--- EXERCISE ---
Could you copy exactly the lines below, beginning at the line with "Two Muscular Young" and stopping after the line with "142 Junction Ln, Charlottesville, VA", with no pictures?

--- RECORDS FOR THE EXERCISE ---
++++

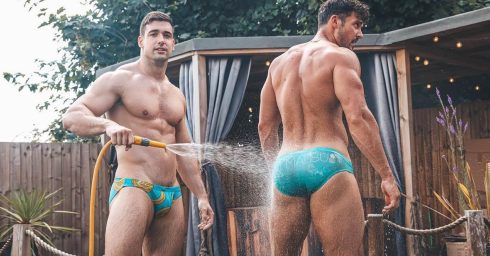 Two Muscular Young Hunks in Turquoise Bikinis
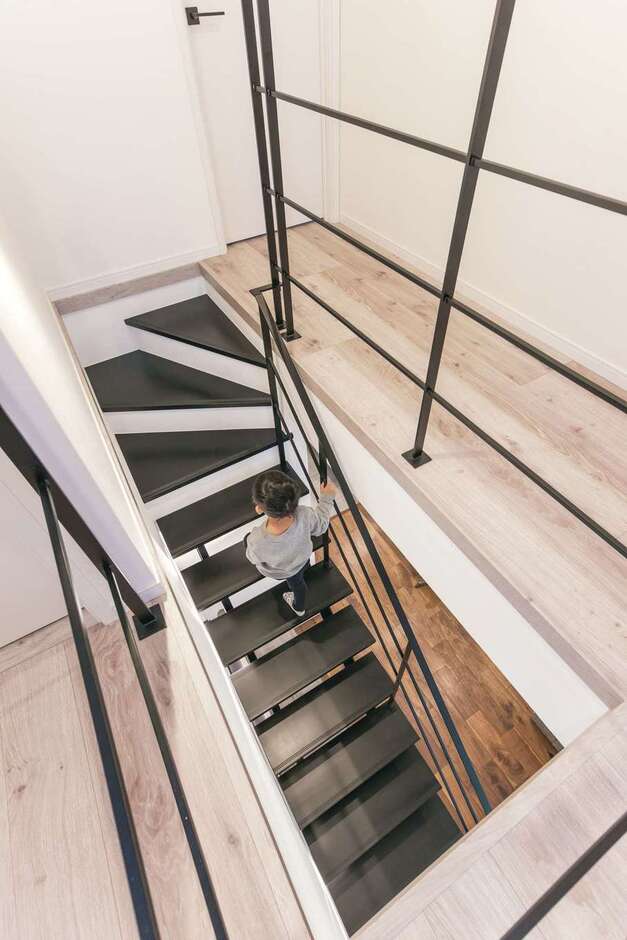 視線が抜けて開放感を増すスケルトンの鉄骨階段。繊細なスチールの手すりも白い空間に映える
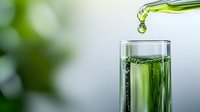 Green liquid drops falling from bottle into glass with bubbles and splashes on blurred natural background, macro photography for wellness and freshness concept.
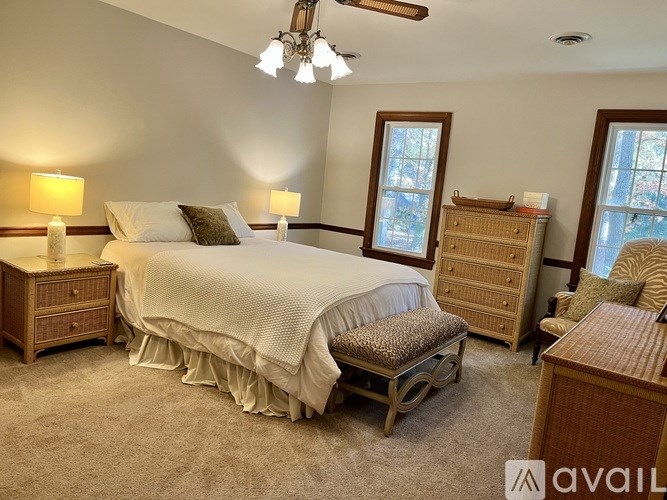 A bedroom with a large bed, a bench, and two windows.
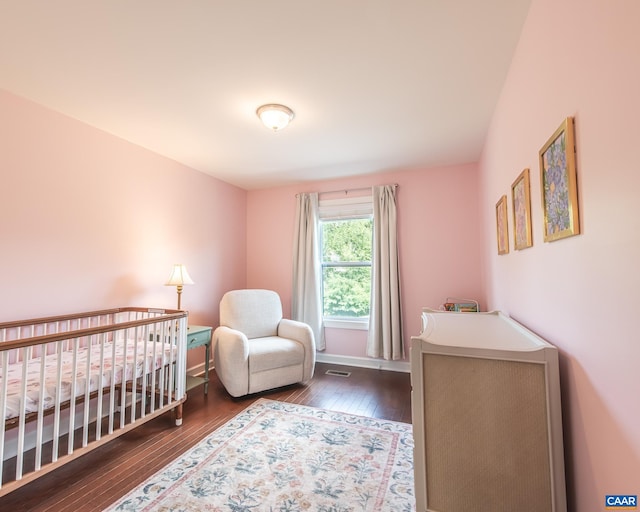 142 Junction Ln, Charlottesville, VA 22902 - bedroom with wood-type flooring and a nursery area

++++

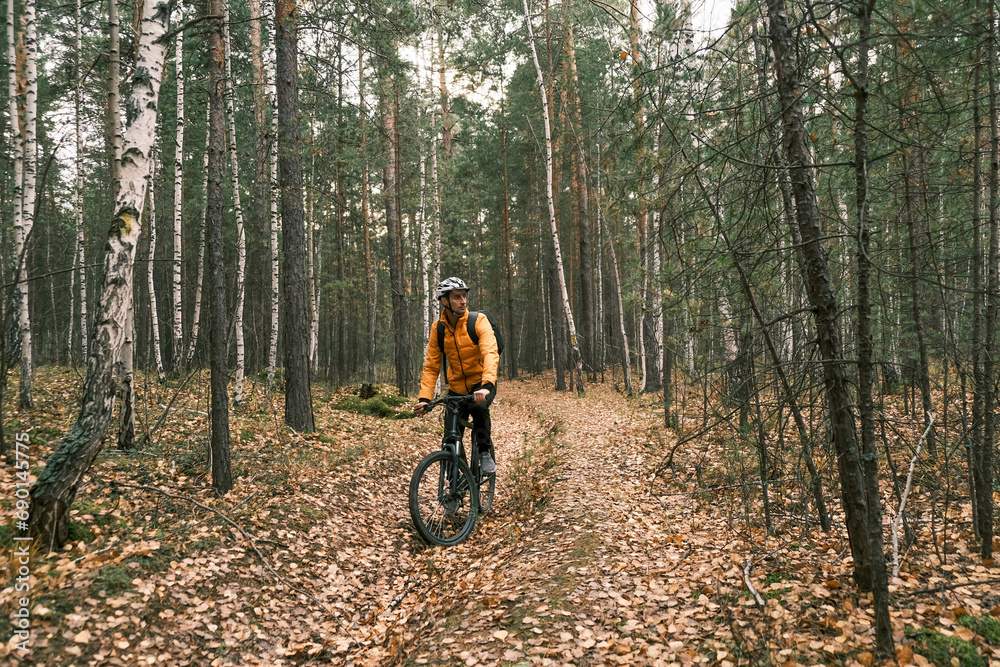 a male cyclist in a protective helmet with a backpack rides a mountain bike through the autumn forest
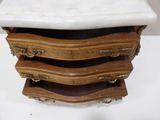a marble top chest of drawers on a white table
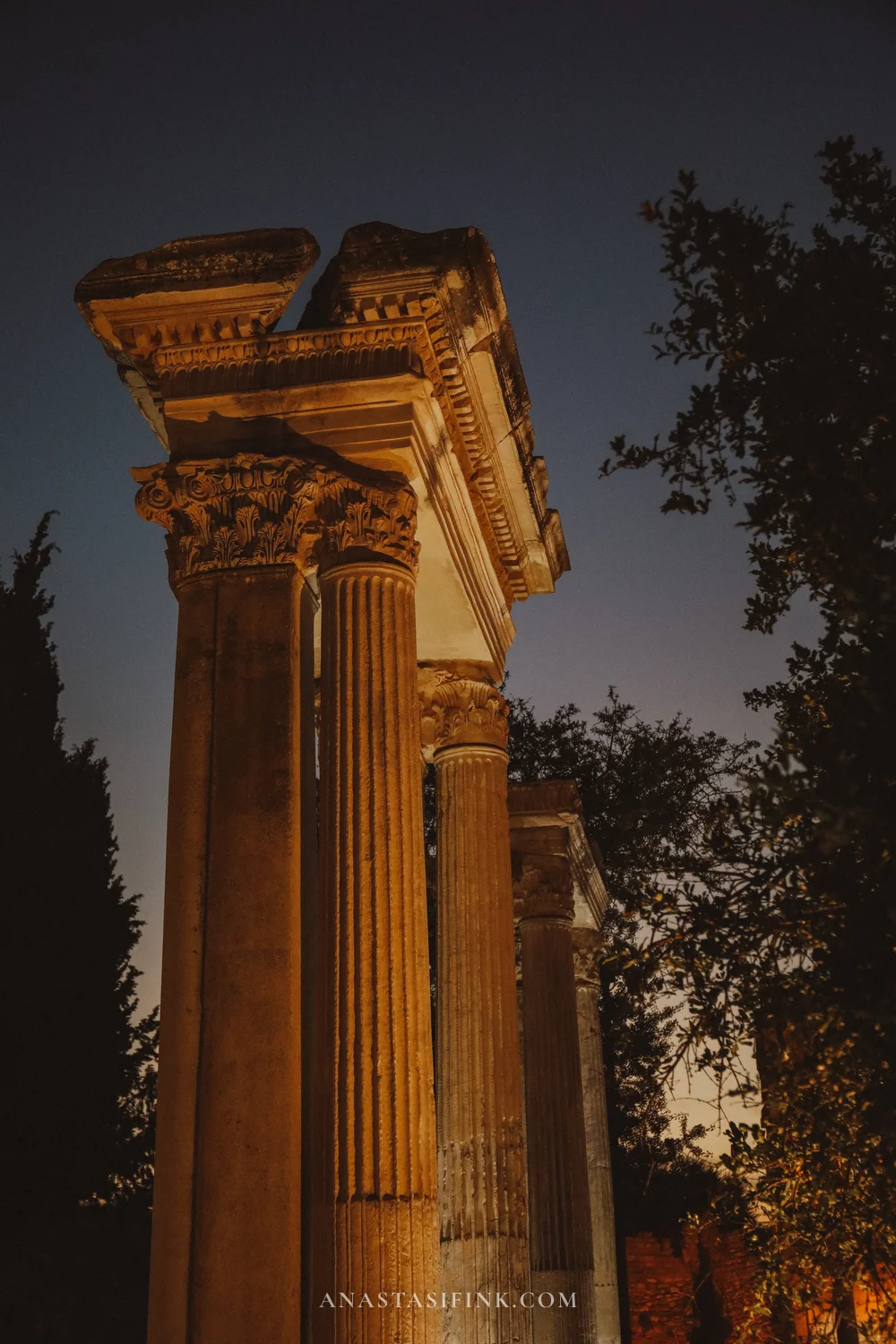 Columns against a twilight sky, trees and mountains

++++

--- RESULT OF THIS TASK ---
 Two Muscular Young Hunks in Turquoise Bikinis
 視線が抜けて開放感を増すスケルトンの鉄骨階段。繊細なスチールの手すりも白い空間に映える
 Green liquid drops falling from bottle into glass with bubbles and splashes on blurred natural background, macro photography for wellness and freshness concept.
 A bedroom with a large bed, a bench, and two windows.
 142 Junction Ln, Charlottesville, VA 22902 - bedroom with wood-type flooring and a nursery area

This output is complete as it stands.